Feature #1889
Add underscores and periods as tokenizers to value list in ElasticSearch
Status: | New | Start date: | ||
---|---|---|---|---|
Priority: | Low | Due date: | ||
Assignee: | Mike Cantelon | % Done: | 0% | |
Category: | Index/Search | |||
Target version: | - | |||
Google Code Legacy ID: | archivematica-1234 | Pull Request: | ||
Sponsored: | No | Requires documentation: |
Description
See discussion at https://groups.google.com/forum/?hl=en&fromgroups=#!topic/archivematica/u1TSa2i9BJM .
[g] Legacy categories: Search
History
#1 Updated by Mike Cantelon over 8 years ago
Yeah, mentioning to users that they can do wildcard searches might be good rather than changing the tokenizer.
If a user enters "*master*" or "Members_Master2009.xls" now they'd end up seeing the entry for Members_Master2009.xls. If we change the tokenizer so it splits words up by underscores, etc., we might lose the ability to search for "Members_Master2009.xls" precisely.
I've posted a question online to see if anyone has any tokenizer advice on how we could tokenize "Members_Master_2009.xls" into "members", "master", and "Members_Master_2009.xml".

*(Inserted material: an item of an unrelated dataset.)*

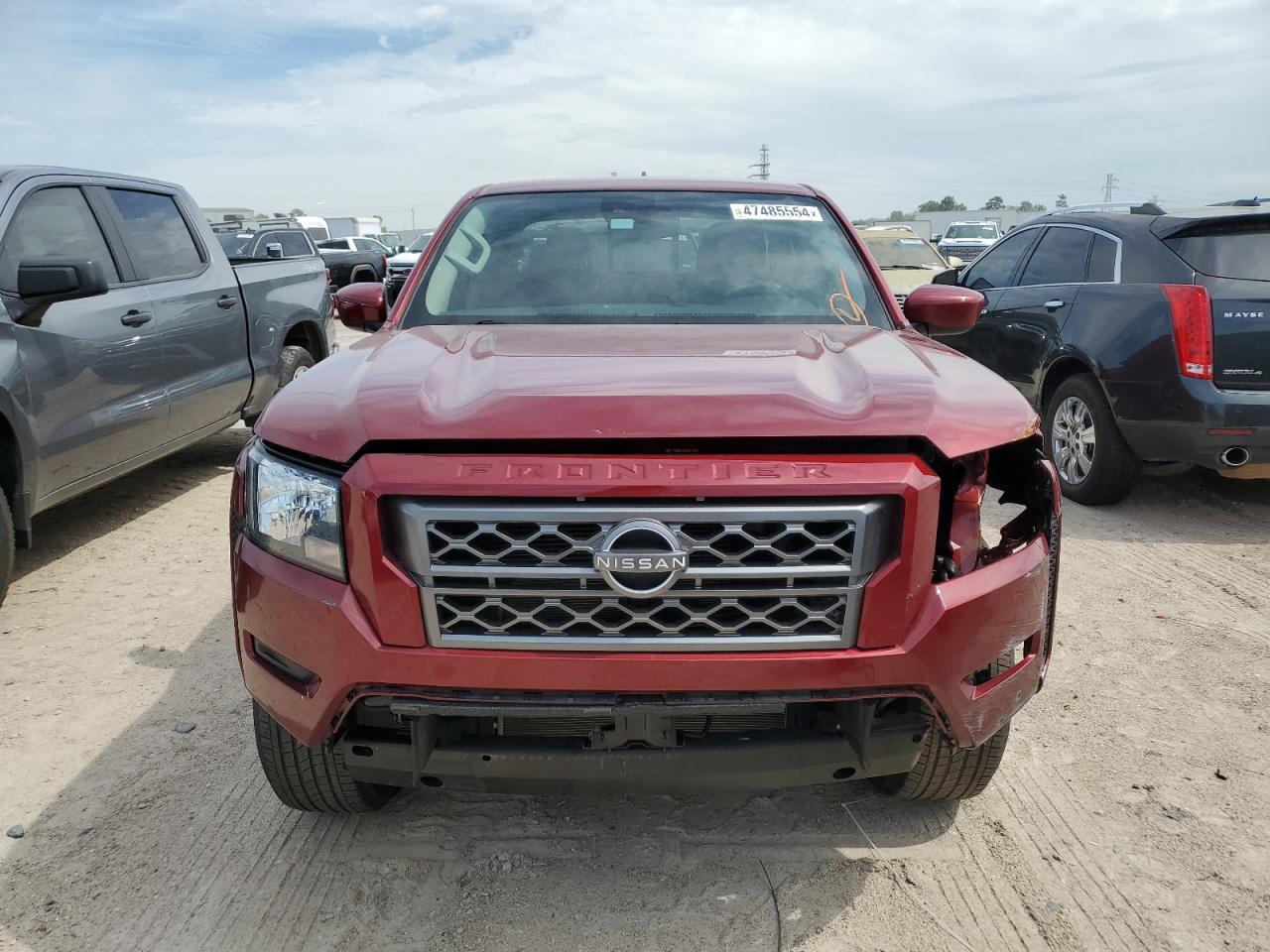 2022 NISSAN FRONTIER S VIN:1N6ED1EJ1NN642994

#3 Updated by Mike Cantelon over 8 years ago
- Target version changed from Release 0.10-beta to Release 1.0.0
#4 Updated by Evelyn McLellan about 8 years ago
- Category set to Index/Search
#5 Updated by Mike Cantelon almost 8 years ago
Updating analysis then testing...
curl -XPOST 'http://192.168.1.70:9200/aips/_close'
curl -XPUT 'http://192.168.1.70:9200/aips/_settings' -d '{
"index": {
"analysis" : {
"analyzer": {
"default": {
"tokenizer" : "standard",
"filter" : ["preserve_hyphens_filter", "lowercase", "stop"]
},
"filter" : {
"preserve_hyphens_filter" : {
"type" : "word_delimiter",
"generate_word_parts": false,
"catenate_words": true
}
}
}
}
}
}'
curl -XPOST 'http://192.168.1.70:9200/aips/_open'
curl -XGET '192.168.1.70:9200/aips/_analyze?field=msg&pretty=1' -d "Run to the hills and rock-around-town."

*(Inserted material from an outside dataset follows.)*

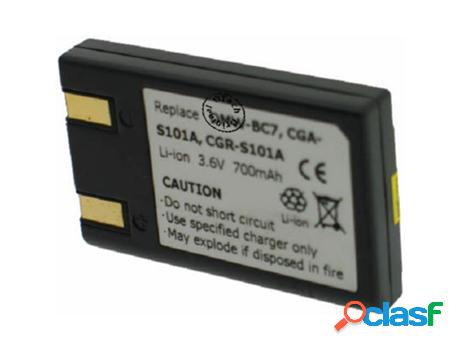 Batería OTECH Compatible para PANASONIC LUMIX DMC-F7-B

#6 Updated by Courtney Mumma over 7 years ago
- Target version changed from Release 1.0.0 to Release 1.1.0
#7 Updated by Justin Simpson about 7 years ago
- Target version deleted (
Release 1.1.0)
We do not have advanced search functionality on the Archivematica roadmap at the present time. We would like to provide a better search interface, at some point, I am moving this ticket out of any targetted version queues until the feature can have requirements generated.
#8 Updated by Justin Simpson over 4 years ago
- Priority changed from High to Low